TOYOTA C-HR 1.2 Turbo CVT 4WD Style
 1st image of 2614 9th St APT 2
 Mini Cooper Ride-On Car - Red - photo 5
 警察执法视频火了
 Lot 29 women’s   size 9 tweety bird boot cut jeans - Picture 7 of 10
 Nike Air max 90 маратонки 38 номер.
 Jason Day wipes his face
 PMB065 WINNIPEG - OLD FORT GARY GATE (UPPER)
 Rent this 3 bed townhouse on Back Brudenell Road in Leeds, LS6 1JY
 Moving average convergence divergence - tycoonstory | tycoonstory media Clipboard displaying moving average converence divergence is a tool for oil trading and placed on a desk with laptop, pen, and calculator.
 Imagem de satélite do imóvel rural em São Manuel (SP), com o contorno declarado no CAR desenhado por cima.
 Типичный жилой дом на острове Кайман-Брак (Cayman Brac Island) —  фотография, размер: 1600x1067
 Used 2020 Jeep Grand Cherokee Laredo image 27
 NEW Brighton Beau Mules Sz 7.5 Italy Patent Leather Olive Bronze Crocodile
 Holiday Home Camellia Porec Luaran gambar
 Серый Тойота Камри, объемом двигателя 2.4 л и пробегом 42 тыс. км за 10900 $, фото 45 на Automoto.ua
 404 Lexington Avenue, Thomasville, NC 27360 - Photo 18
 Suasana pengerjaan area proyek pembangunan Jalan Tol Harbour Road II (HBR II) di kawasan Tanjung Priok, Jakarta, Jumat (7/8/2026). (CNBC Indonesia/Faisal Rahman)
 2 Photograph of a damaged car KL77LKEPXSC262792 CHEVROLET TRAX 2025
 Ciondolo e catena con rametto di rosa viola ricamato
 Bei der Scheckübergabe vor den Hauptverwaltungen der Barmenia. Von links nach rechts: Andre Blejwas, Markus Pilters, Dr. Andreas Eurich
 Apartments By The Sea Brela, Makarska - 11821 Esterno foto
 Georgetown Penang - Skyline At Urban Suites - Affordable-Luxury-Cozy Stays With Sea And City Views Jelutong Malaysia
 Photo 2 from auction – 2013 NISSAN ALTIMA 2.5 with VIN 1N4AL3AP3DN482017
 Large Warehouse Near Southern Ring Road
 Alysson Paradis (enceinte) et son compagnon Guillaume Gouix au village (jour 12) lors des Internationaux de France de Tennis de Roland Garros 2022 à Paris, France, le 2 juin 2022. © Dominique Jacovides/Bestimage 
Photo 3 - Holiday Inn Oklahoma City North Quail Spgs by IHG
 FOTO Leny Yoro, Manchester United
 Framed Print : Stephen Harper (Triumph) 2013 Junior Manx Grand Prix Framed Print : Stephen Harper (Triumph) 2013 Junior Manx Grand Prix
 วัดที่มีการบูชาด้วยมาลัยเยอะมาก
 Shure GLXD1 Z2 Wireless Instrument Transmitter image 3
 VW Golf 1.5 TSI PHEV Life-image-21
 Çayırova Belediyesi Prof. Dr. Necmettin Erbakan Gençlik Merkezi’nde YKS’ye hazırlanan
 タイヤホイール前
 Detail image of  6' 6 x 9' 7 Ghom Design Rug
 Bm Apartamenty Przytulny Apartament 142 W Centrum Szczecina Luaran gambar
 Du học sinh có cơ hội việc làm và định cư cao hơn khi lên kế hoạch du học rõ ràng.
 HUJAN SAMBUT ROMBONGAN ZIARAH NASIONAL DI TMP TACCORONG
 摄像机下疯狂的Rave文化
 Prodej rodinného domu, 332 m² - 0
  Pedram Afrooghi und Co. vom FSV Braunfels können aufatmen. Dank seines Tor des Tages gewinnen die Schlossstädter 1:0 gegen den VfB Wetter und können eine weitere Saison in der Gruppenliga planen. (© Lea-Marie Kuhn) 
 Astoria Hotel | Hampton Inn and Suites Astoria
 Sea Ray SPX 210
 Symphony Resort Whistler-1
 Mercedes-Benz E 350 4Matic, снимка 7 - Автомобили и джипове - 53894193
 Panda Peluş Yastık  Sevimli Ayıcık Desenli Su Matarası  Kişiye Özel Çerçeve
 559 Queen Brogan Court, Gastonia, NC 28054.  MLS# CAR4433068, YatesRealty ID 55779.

——————————

▸ WHAT YOU HAVE TO DO
All lines from the beginning of the listing through the one with "Ciondolo e catena" are to be restated word for word, and only those.

▸ RESULT
TOYOTA C-HR 1.2 Turbo CVT 4WD Style
 1st image of 2614 9th St APT 2
 Mini Cooper Ride-On Car - Red - photo 5
 警察执法视频火了
 Lot 29 women’s   size 9 tweety bird boot cut jeans - Picture 7 of 10
 Nike Air max 90 маратонки 38 номер.
 Jason Day wipes his face
 PMB065 WINNIPEG - OLD FORT GARY GATE (UPPER)
 Rent this 3 bed townhouse on Back Brudenell Road in Leeds, LS6 1JY
 Moving average convergence divergence - tycoonstory | tycoonstory media Clipboard displaying moving average converence divergence is a tool for oil trading and placed on a desk with laptop, pen, and calculator.
 Imagem de satélite do imóvel rural em São Manuel (SP), com o contorno declarado no CAR desenhado por cima.
 Типичный жилой дом на острове Кайман-Брак (Cayman Brac Island) —  фотография, размер: 1600x1067
 Used 2020 Jeep Grand Cherokee Laredo image 27
 NEW Brighton Beau Mules Sz 7.5 Italy Patent Leather Olive Bronze Crocodile
 Holiday Home Camellia Porec Luaran gambar
 Серый Тойота Камри, объемом двигателя 2.4 л и пробегом 42 тыс. км за 10900 $, фото 45 на Automoto.ua
 404 Lexington Avenue, Thomasville, NC 27360 - Photo 18
 Suasana pengerjaan area proyek pembangunan Jalan Tol Harbour Road II (HBR II) di kawasan Tanjung Priok, Jakarta, Jumat (7/8/2026). (CNBC Indonesia/Faisal Rahman)
 2 Photograph of a damaged car KL77LKEPXSC262792 CHEVROLET TRAX 2025
 Ciondolo e catena con rametto di rosa viola ricamato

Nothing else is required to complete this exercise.